◆ Exercise goal: Reproduce from the records below, with no pictures, exactly the lines between the one containing "Invacare Invacare Armrest" and the one containing "immamaren thumbnail #1885834", inclusive.

◆ Input for this task:
_ _ _ _ _ _ _
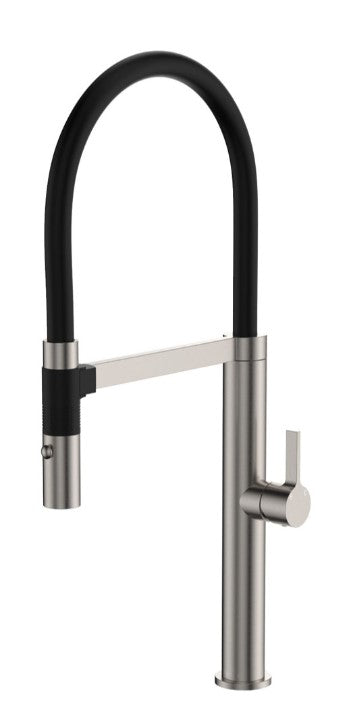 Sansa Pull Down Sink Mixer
_ _ _ _ _ _ _
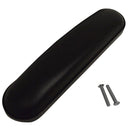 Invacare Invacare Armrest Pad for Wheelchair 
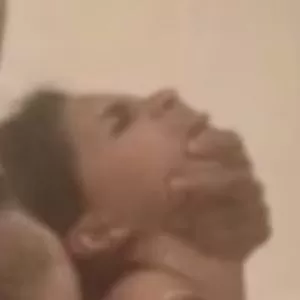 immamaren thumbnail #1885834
_ _ _ _ _ _ _
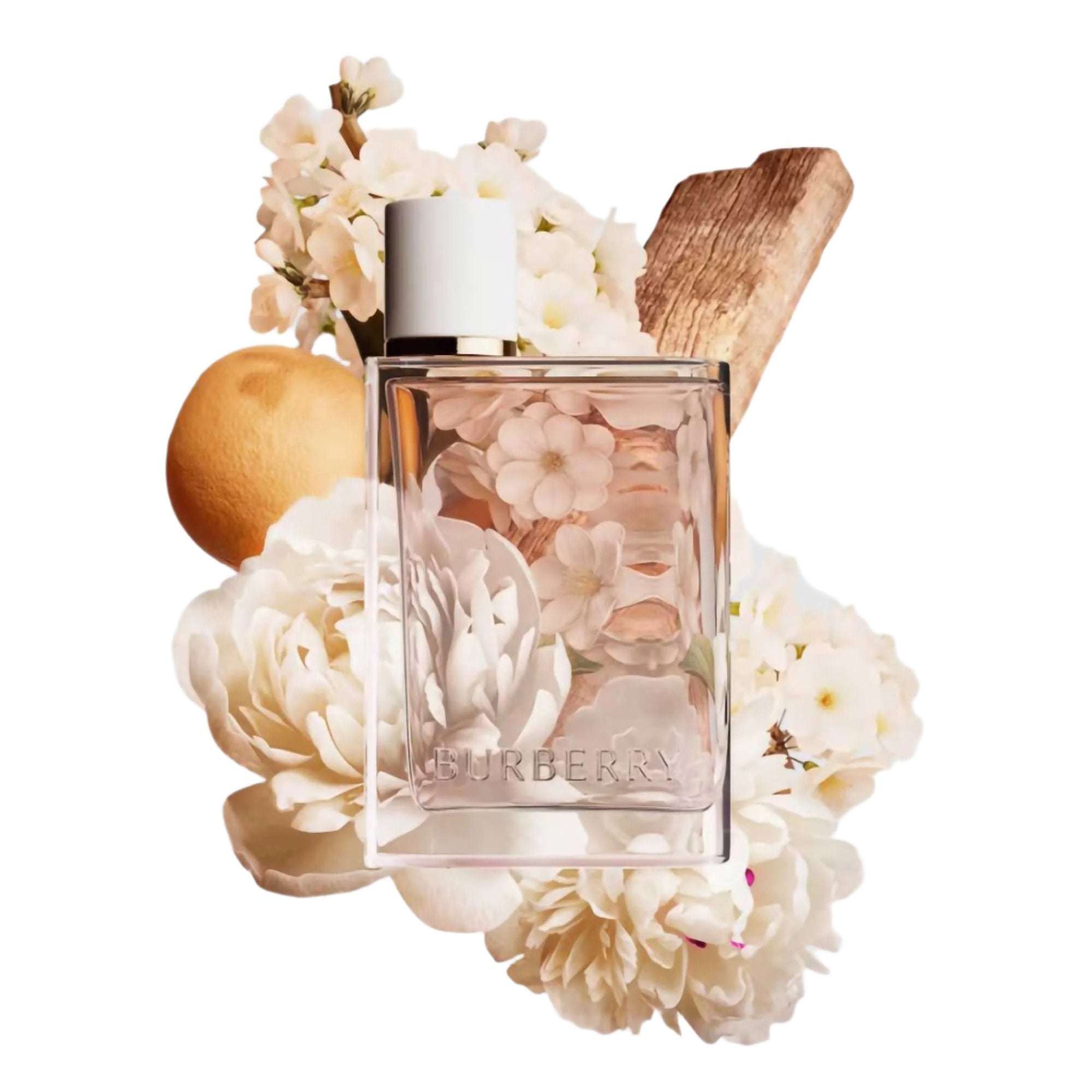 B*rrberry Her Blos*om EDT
_ _ _ _ _ _ _
◆ Response to the exercise:
 Invacare Invacare Armrest Pad for Wheelchair 
 immamaren thumbnail #1885834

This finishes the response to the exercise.